Voilà comment sa voie était toute tracée. Il a appris la musique avec le professeur Robert Lamah à Beyrouth. Son grand-père était son principal soutien, et quand il l’a perdu, il a sombré dans une dépression dont seul l’amour de la musique l’a aidé à se relever. Cette passion est d’ailleurs une affaire de famille : son père et son oncle jouent de la musique, sa tante est chanteuse. Je l’ai écouté jouer du piano ce matin-là, et l’ai vu toucher, les larmes aux yeux, le Oud de son grand-père qui a été laissé tel quel depuis son décès. Je l’ai écouté chanter une chanson de sa composition, dans laquelle il exprime la douleur de vivre dans une « patrie alternative ». Ce texte m’a poussé à l’interroger sur son appartenance et le lien qu’il entretient avec l’endroit où il vit : il a exprimé son amour pour le Liban qui l’a recueilli, et il s’est dit attaché au camp et à ses habitants. Il m’a parlé de son ambition de décrocher un doctorat en philosophie de la musique qui lui ouvrira les portes de l’enseignement aux Palestiniens et aux Libanais.

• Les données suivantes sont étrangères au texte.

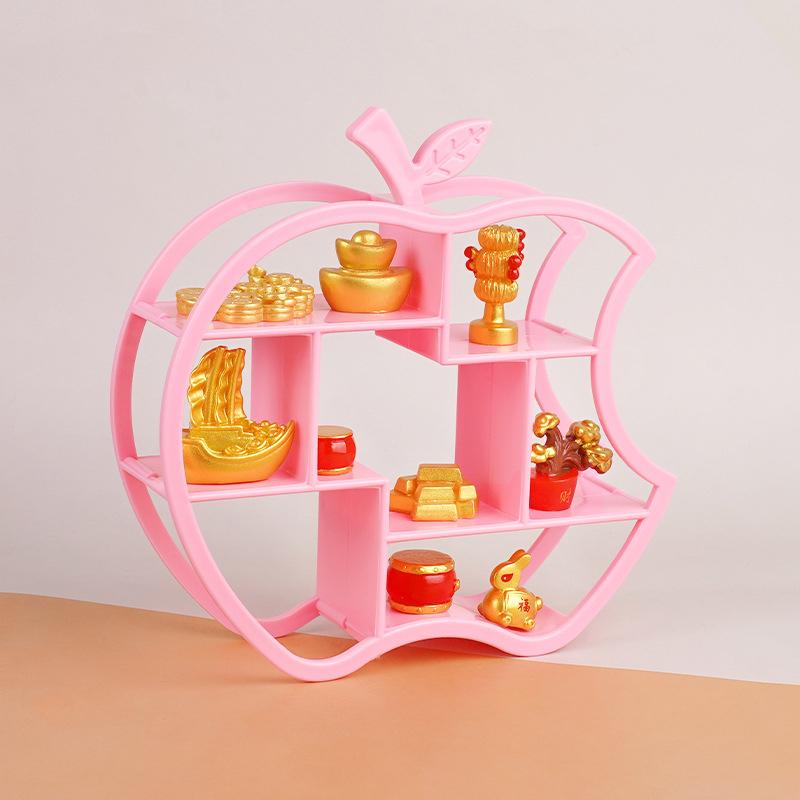 Mini Antique Shelf Ornaments Dollhouse Simulation Display Stand Storage Shelf Model Doll Furniture Micro Scene Decor Props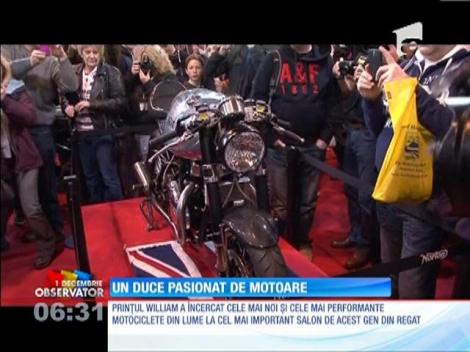 Prinţul William a încercat cele mai noi motocilete din lume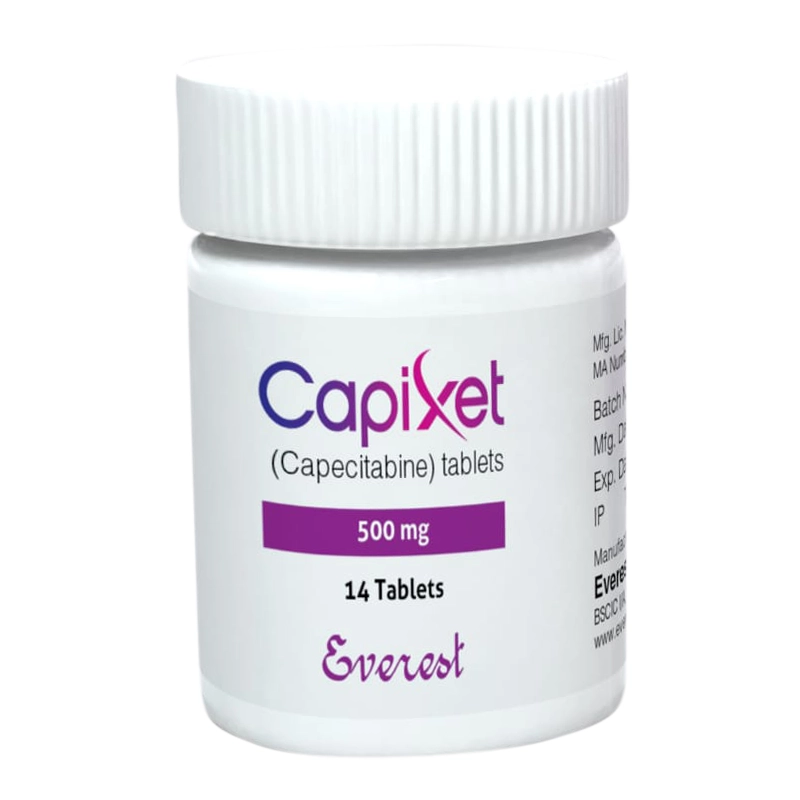Capixet 500 mg Tablet Capeciatbine Bottle Image Capixet 500 mg Tablet (Capecitabine)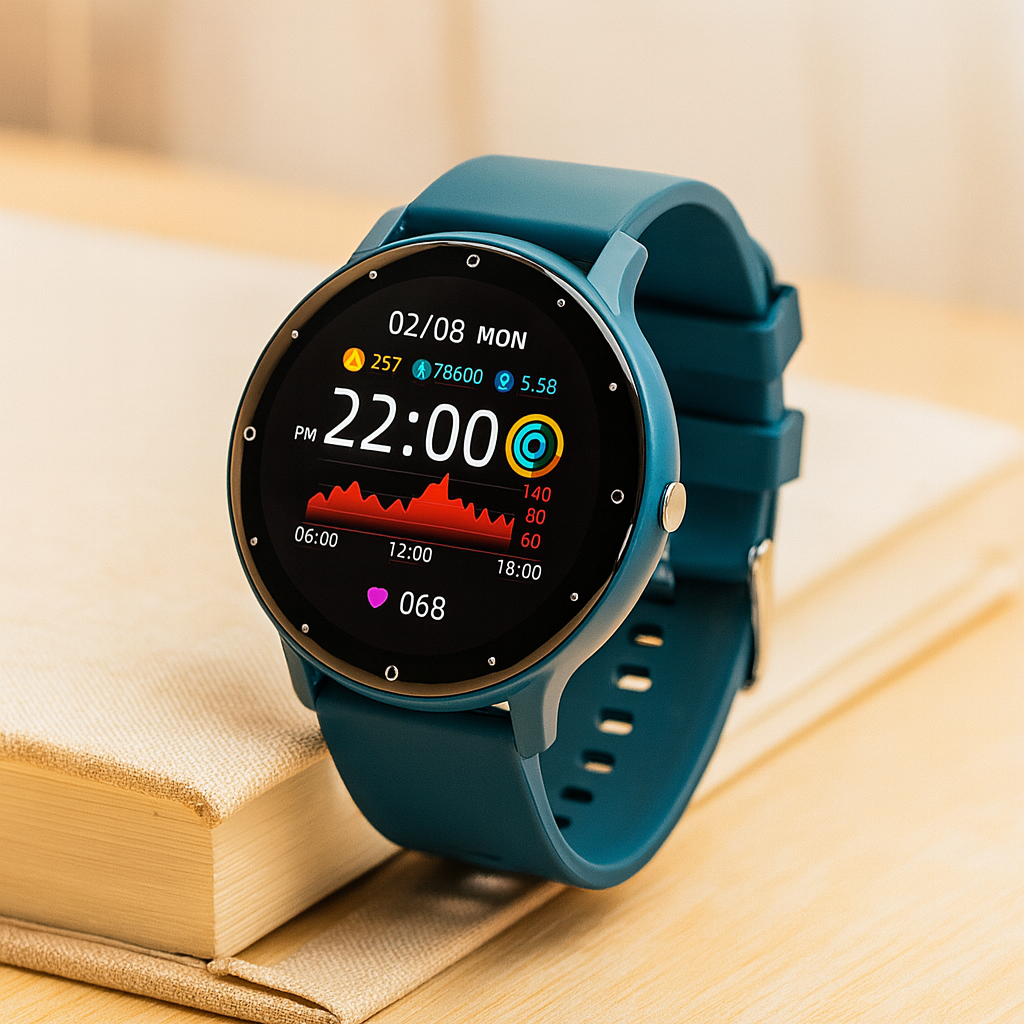 Smart Health Watch with Heart Rate & Activity Tracking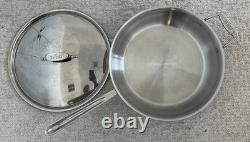 Poêle essentielle en acier inoxydable D5 All-Clad de 6 quarts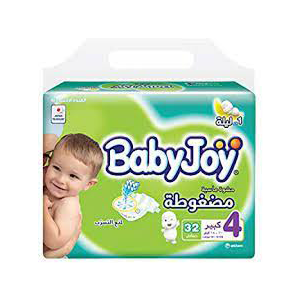 حفائض بيبي جوي 4 كبير 32 حفاض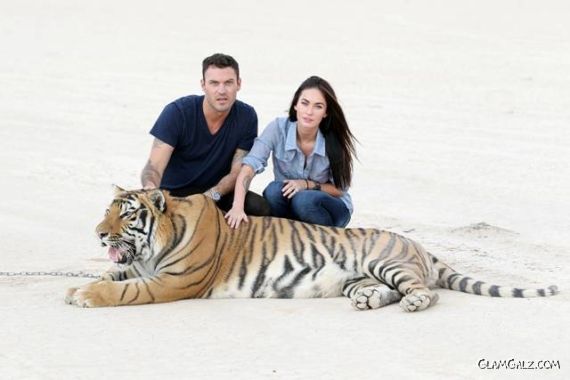 Megan Fox at Big Cat Encounters Ranch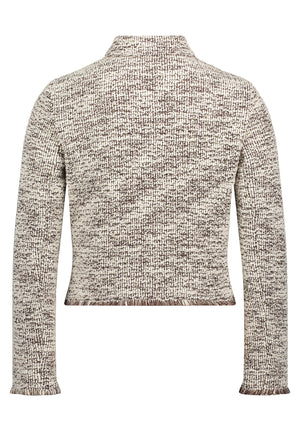 Brown Textured Jacket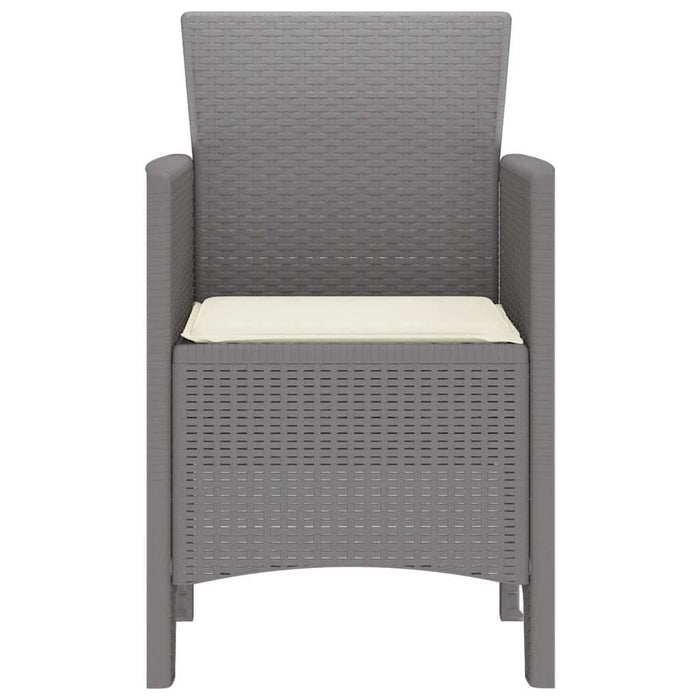 Scaun pentru Grădină 2 pcs Gri deschis - WALTI WALTI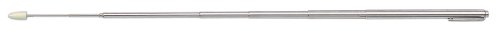 Wedo 2361 Antennenkugelschreiber 14.7 cm, ausziehbar bis 90 cm, mit Clip, verchromt, silber von WEDO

Je quittai Robert en me promettant de le revisiter un jour. Je pris la route vers le salon du coiffeur dont le chauffeur de taxi m’avait parlé. Il s’est avéré qu’Abou Merhi vit dans le camp depuis 37 ans. Il est originaire de Damour, dans le Sud, et a été déplacé durant la guerre vers Dbayé. Il a essayé de vivre hors du camp, mais la convivialité qui y règne lui a manqué.
Dans le salon, il y avait également Abou Hanna, qui a été naturalisé libanais en 1994. Il a parlé du destin commun de « misère » entre Palestiniens, Libanais et Syriens. Toutefois, quand Abou Merhi est sorti du salon pour faire un café, il a jeté une petite phrase qui m’a laissé dubitatif sur la réalité du paradis de coexistence qui m’avait paru sincère dans les propos du coiffeur, mais que mon esprit critique refusait de croire tout à fait. « Ceux qui ont de l’amour-propre sont partis », a glissé Abou Hanna. Abou Merhi est revenu, parlant de choses et d’autres, du décès de sa femme dont il continue de souffrir, de ses visites à Tripoli (Nord), une ville qu’il aime. J’ai passé un bon moment à écouter ses paroles, entrecoupées de rares interventions de son ami, j’ai partagé leurs rires, laissant à une autre occasion mes questionnements et mes doutes.
Cette même journée, j’ai rencontré Raafat et sa femme Marah, deux Syriens qui se sont établis dans le camp il y a un an environ. Marah n’a vécu nulle part ailleurs au Liban, alors que Raafat travaille dans ce pays depuis de nombreuses années. Il m’a expliqué qu’il y a dans le camp environ 50 familles syriennes. Il assure n’avoir jamais subi de mauvais traitement, mais il pense que cela est surtout dû à l’aisance économique que lui confère son dur labeur et qui lui a gagné le respect de ses voisins, qui le traitent d’égal à égal.
J’ai quitté cet endroit qui, de l’opinion générale, ressemble plus à un village qu’à un camp de réfugiés. J’étais entré en tant qu’étranger à la recherche d’histoires, et j’en ressors plein d’idées contradictoires sur la manière dont les gens doivent gérer leur vie après les conflits. Robert a dit qu’il ne savait rien de ce qui s’était passé durant la guerre civile, et moi… je mets des écouteurs pour l’écouter chanter la chanson que lui a volée Oum Koulsoum.